В начале осени 1874 г., во время работы над "Подростком", Достоевский через 12 лет после окончания "Записок из Мертвого дома" вновь мысленно вернулся к истории Дмитрия Ильинского и занес в свою черновую тетрадь как материал для последующей художественной разработки заметку: "13 сент<ября> 74 <г.> Драма. В Тобольске, лет двадцать назад, вроде истории Иль<ин>ского. Два брата, старый отец, у одного невеста, в которую тайно и завистливо влюблен второй брат. Но она любит старшего. Но старший, молодой прапорщик, кутит и дурит, ссорится с отцом. Отец исчезает <…> Старшего отдают под суд и осуждают на каторгу <…> Брат через 12 лет приезжает его видеть. Сцена, где безмолвно понимают друг друга <…> День рождения младшего. Гости в сборе. Выходит. "Я убил". Думают, что удар.
Конец: тот возвращается. Этот на пересыльном. Его отсылают. Младший просит старшего быть отцом его детей.
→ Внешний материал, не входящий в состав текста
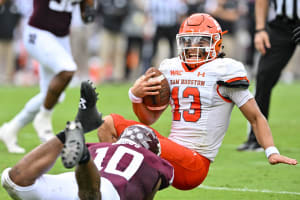 Fadil Diggs Edge Texas A&M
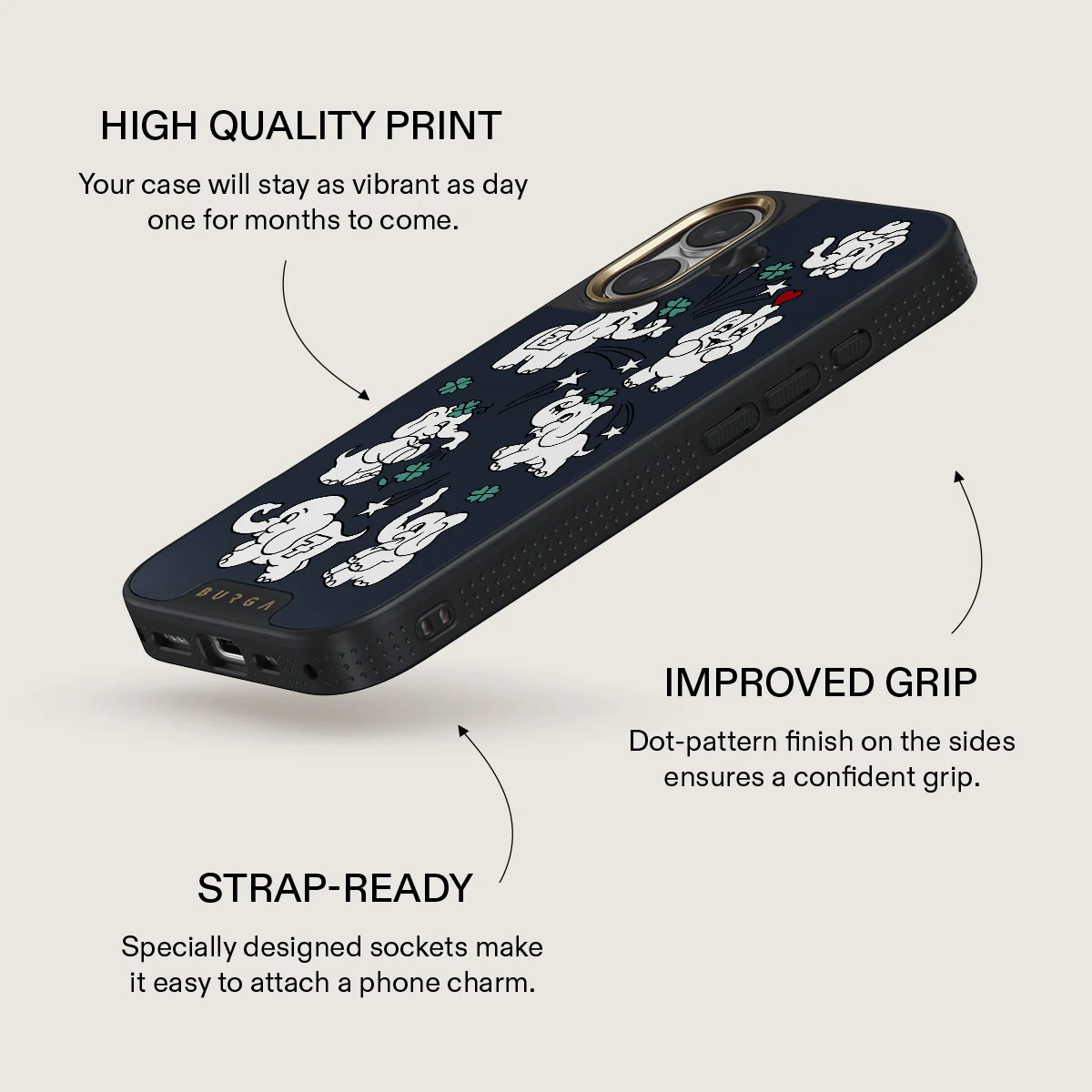 Think Big - iPhone 16 Case - Image 10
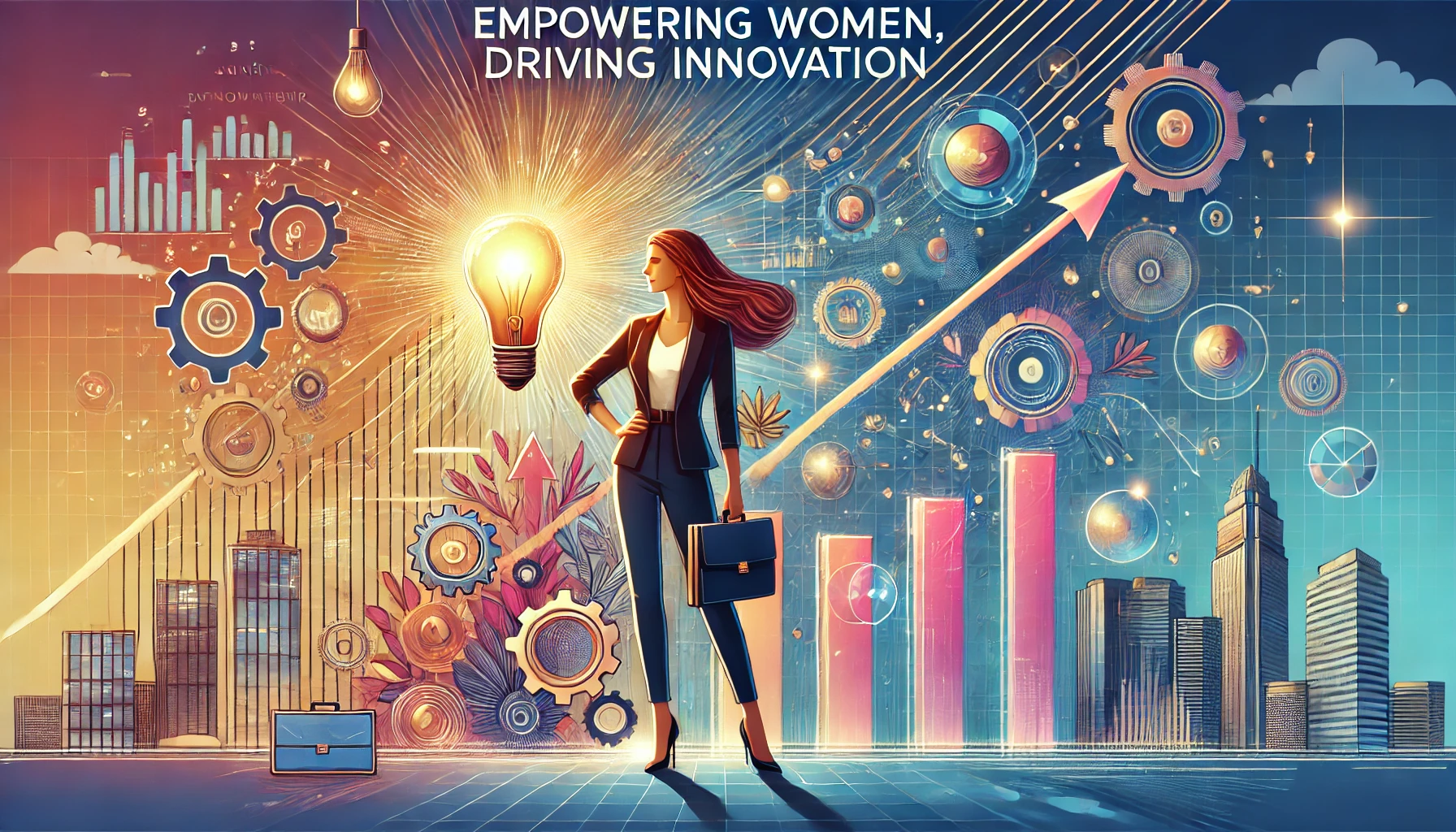 The Importance of Women Entrepreneurship: Driving Economic Growth, Impact and Innovation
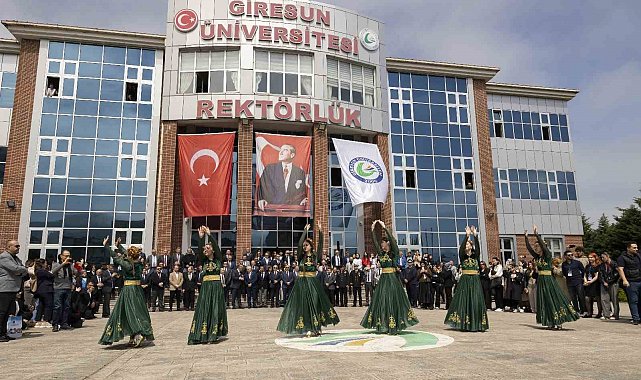 "Yetenek Her Yerde" DOKKAF'25 fuarı Giresun'da kapılarını açtı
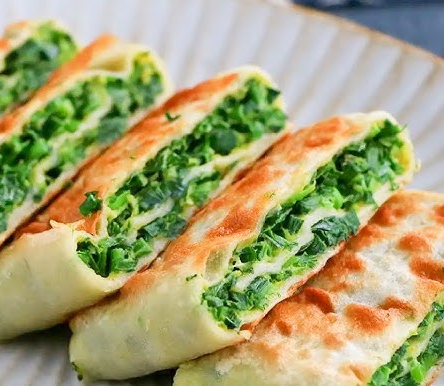 ⚡️限时闪购⚡️薄皮多馅韭菜方盒子 6pc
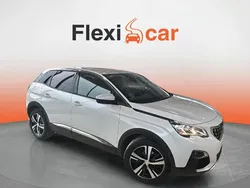 Blanco Usado 2019 Peugeot 3008 Allure Monovolumen | 13.190 € (Super precio)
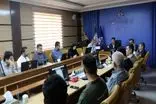 جلسه هم اندیشی با مالکین جایگاه‌های عرضه سوخت استان ایلام برگزار شد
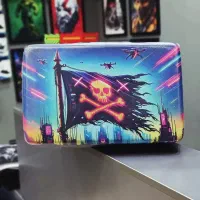 کیف PS5 Slim|کنسول، بازی ویدئویی و آنلاین|کرج, اتحاد|دیوار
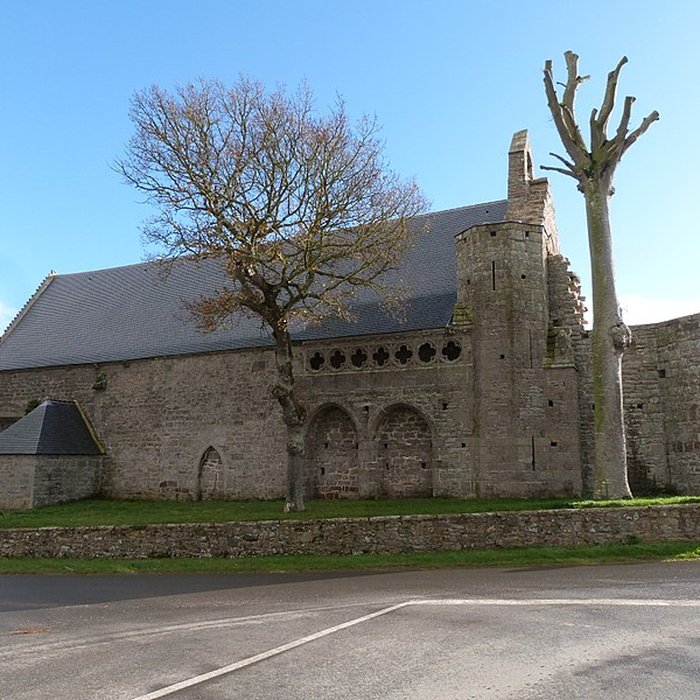 Photo de Chapelle Saint-Jacques-le-Majeur de Saint-Alban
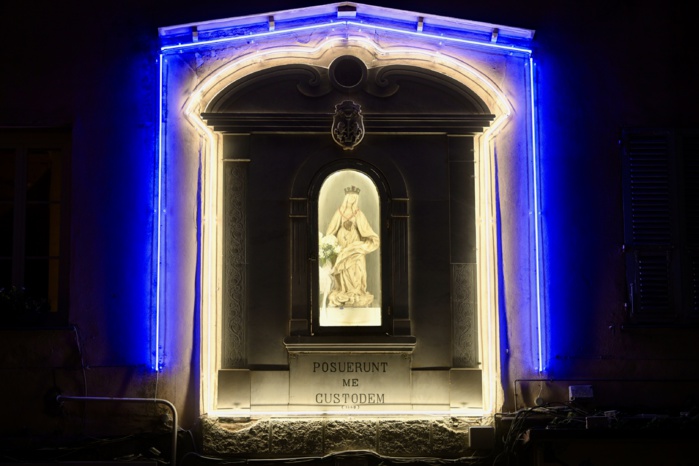 Les Ajacciens s’apprêtent à célébrer leur sainte patronne Les Ajacciens s’apprêtent à célébrer leur sainte patronne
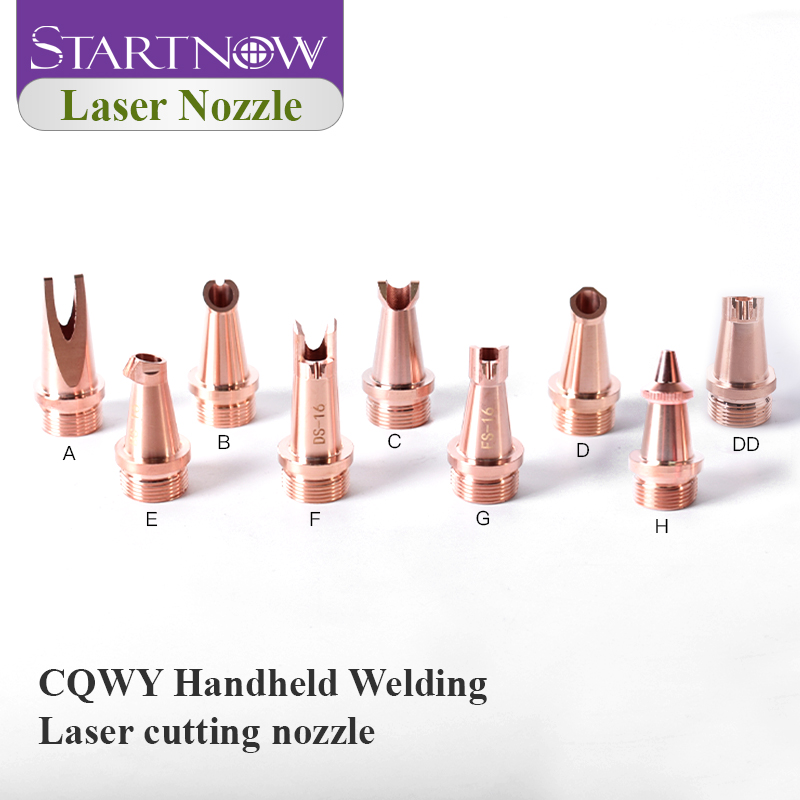 Industrial Laser Head - Startnow 5PCS/Lot Laser Welding Head Nozzle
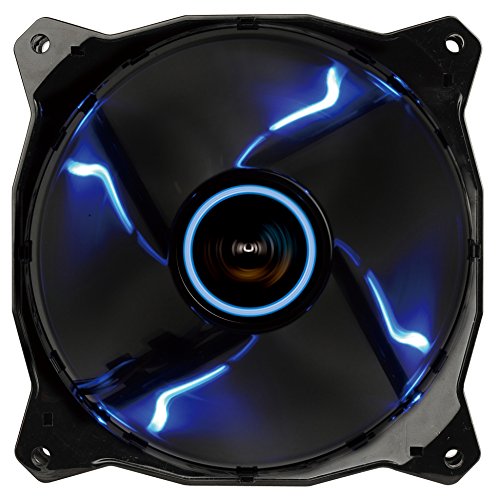 LEPA LP-BOL12P-BL - Case Fan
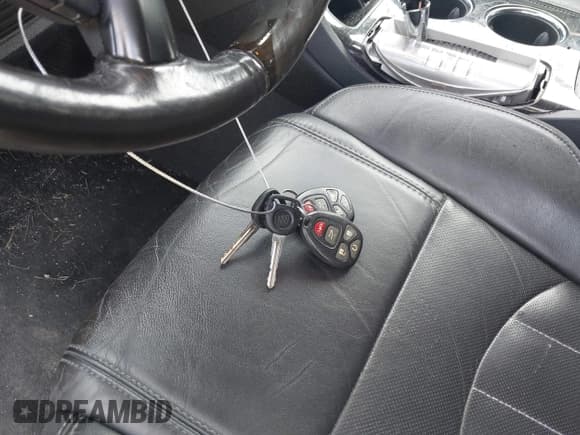 ✅ 2015 Buick Enclave Leather • VIN: 5GAKVBKD6FJ104888 • Lot: 43006187. Listed on IAAI with 96,477 mi. Free auction sales archive from the USA and detailed vehicle history report at DreamBid. Image 11.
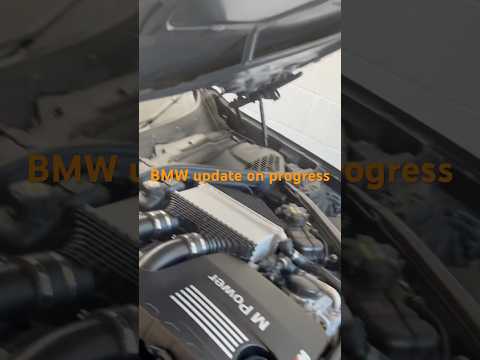 BMW M2 Comp update. #bmw #automobile #nurburgring - journey to! #porscheholding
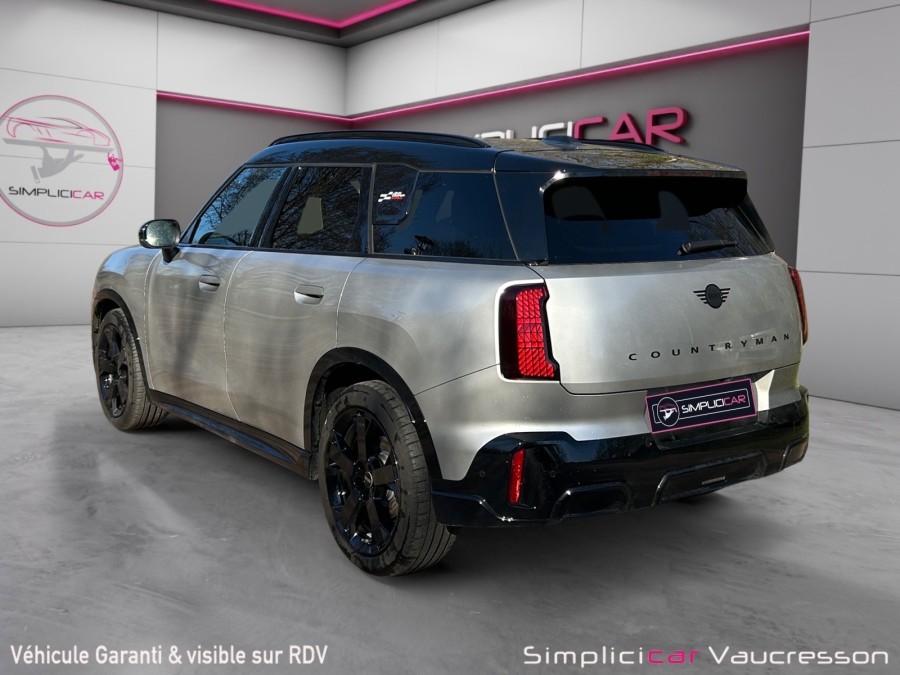 MINI d'occasion COUNTRYMAN C 170 CLASSIC de 2025 Vaucresson (92)﻿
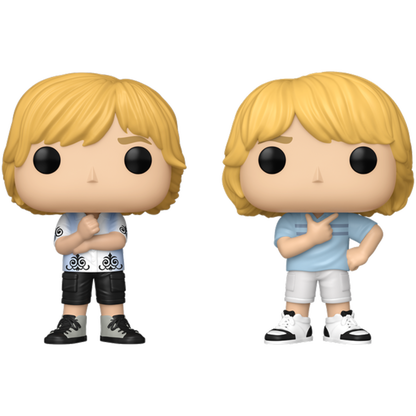 The Suite Life of Zack & Cody - Zack & Cody Pop! 2-Pack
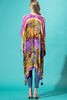 Safari Kimono: Amethyst Grove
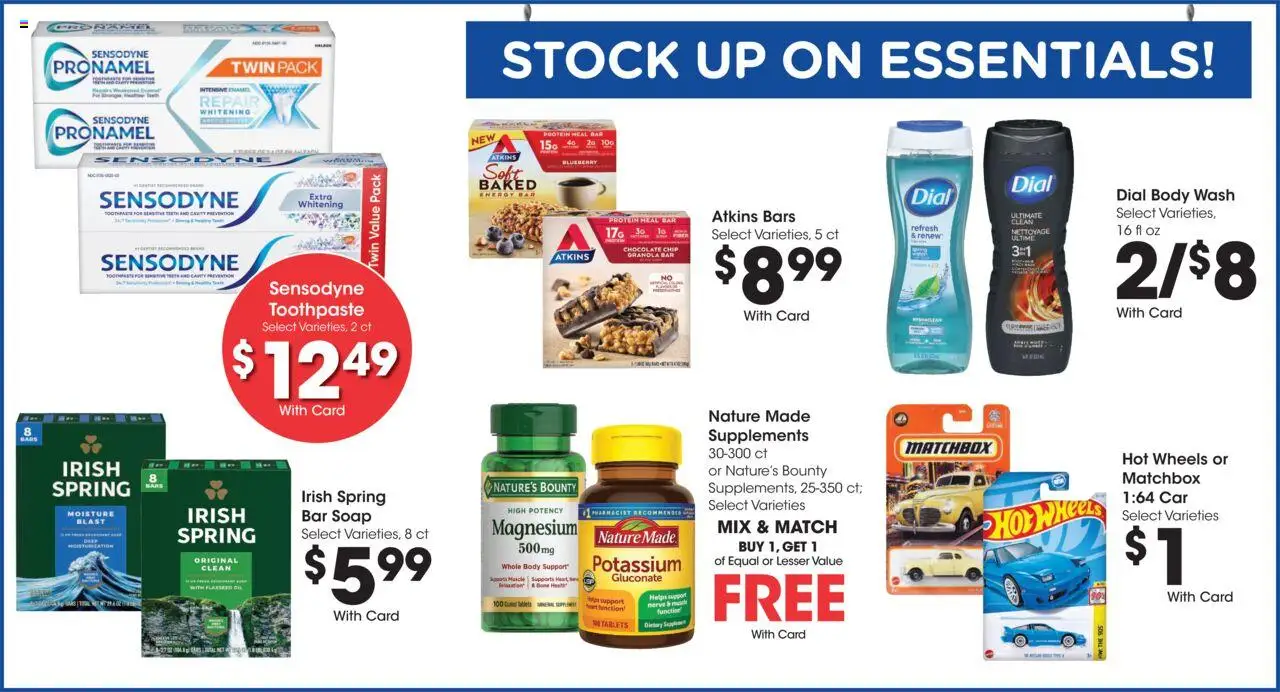 Kroger Weekly ads from 06/11/2025 >> Ad for next week - Page number 7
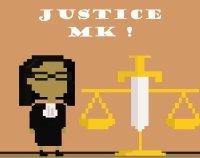 Cкриншот JUSTICE MK !, изображение № 1608089 - RAWG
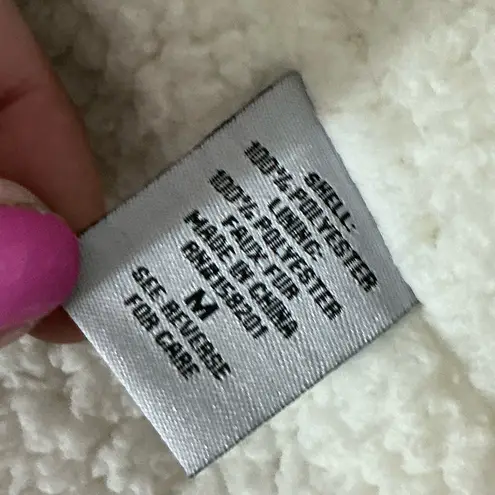 Angel Kiss Modern practical soft faux fur jacket 🐏🐑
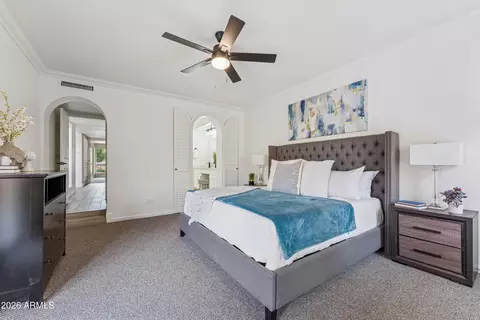 Bedroom - 1024 E Sahuaro Dr, Phoenix, AZ 85020 photo 2 of 6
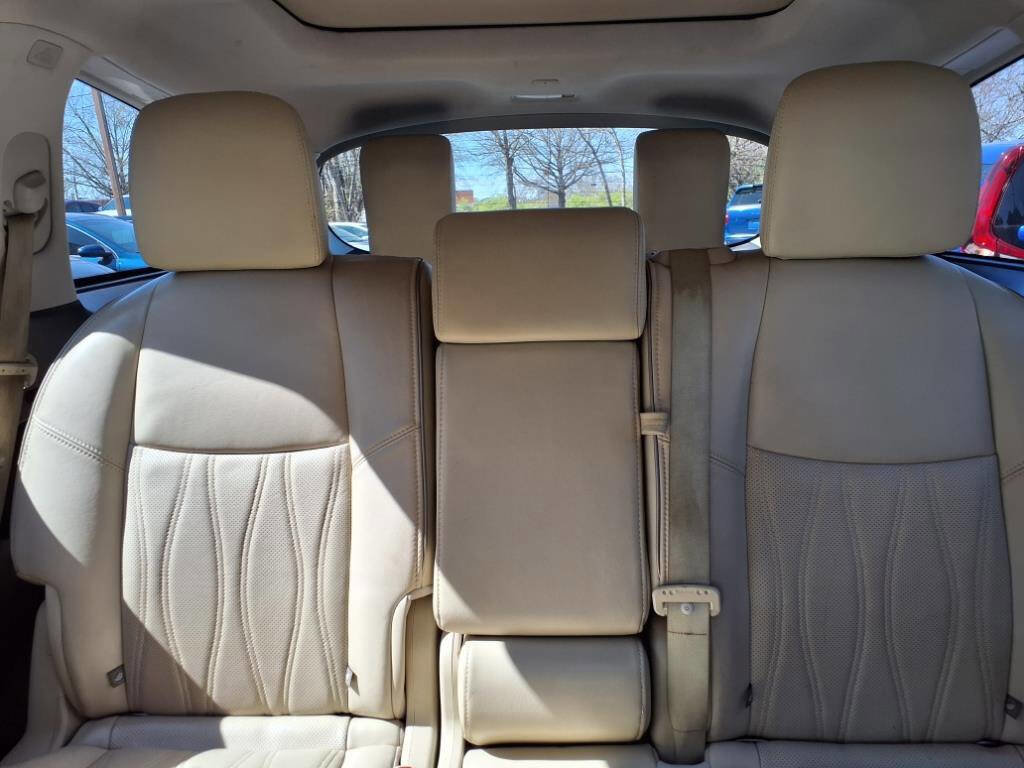 Used 2016 INFINITI QX60 FWD Hybrid image 20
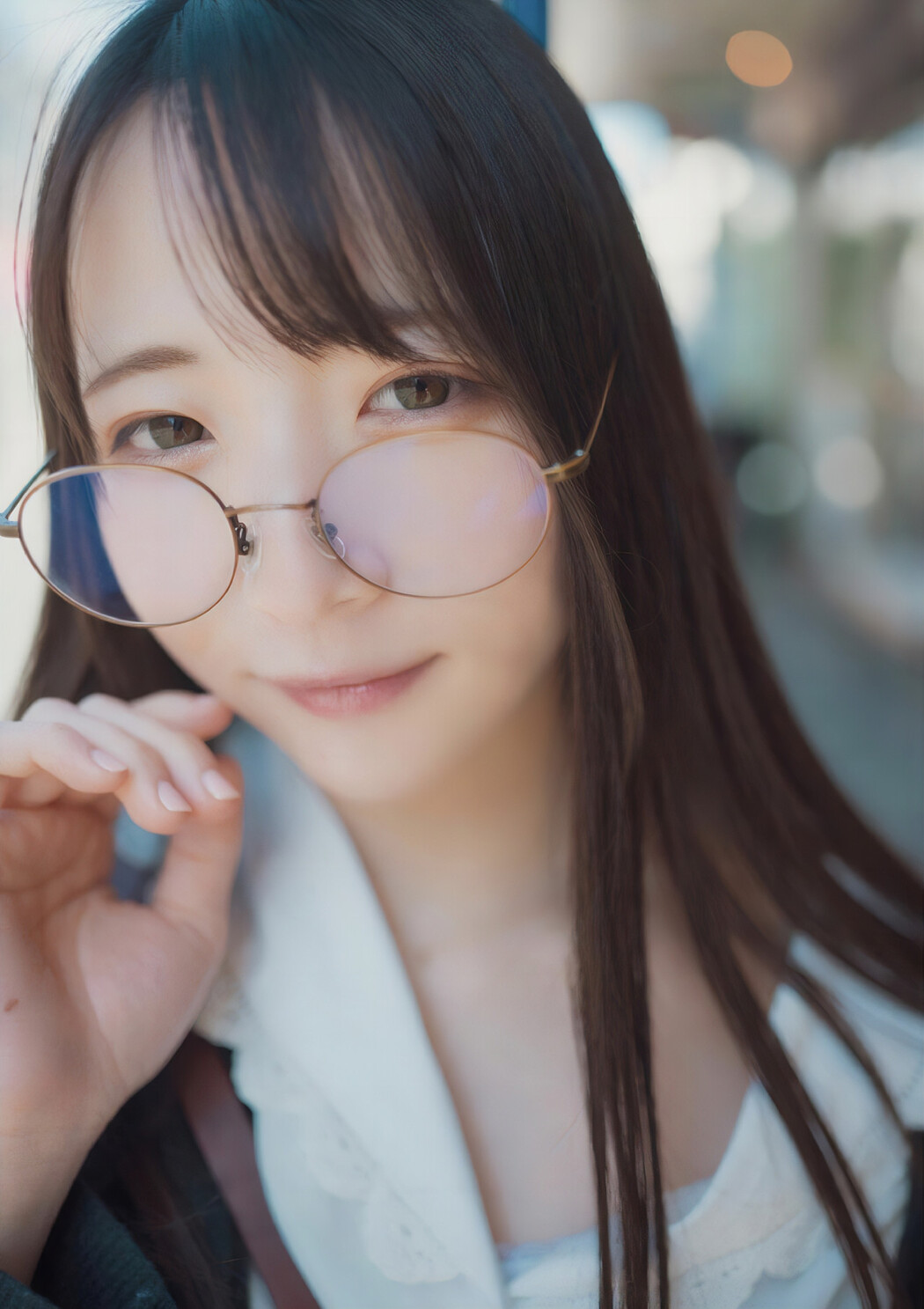 Sui Utatane うたたね翠, 写真集 いつも可愛い (Wunder Publishing House) Set.02 Cover Photo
"На правый путь ступил!" (XVII, 5–6).
Приведенную заметку и дату ее мы имеем право рассматривать как начальные точки предыстории "Карамазовых". И все же можно говорить и в данном случае лишь о творческой предыстории романа, систематическая работа над которым началась три с половиной года спустя в 1878 г.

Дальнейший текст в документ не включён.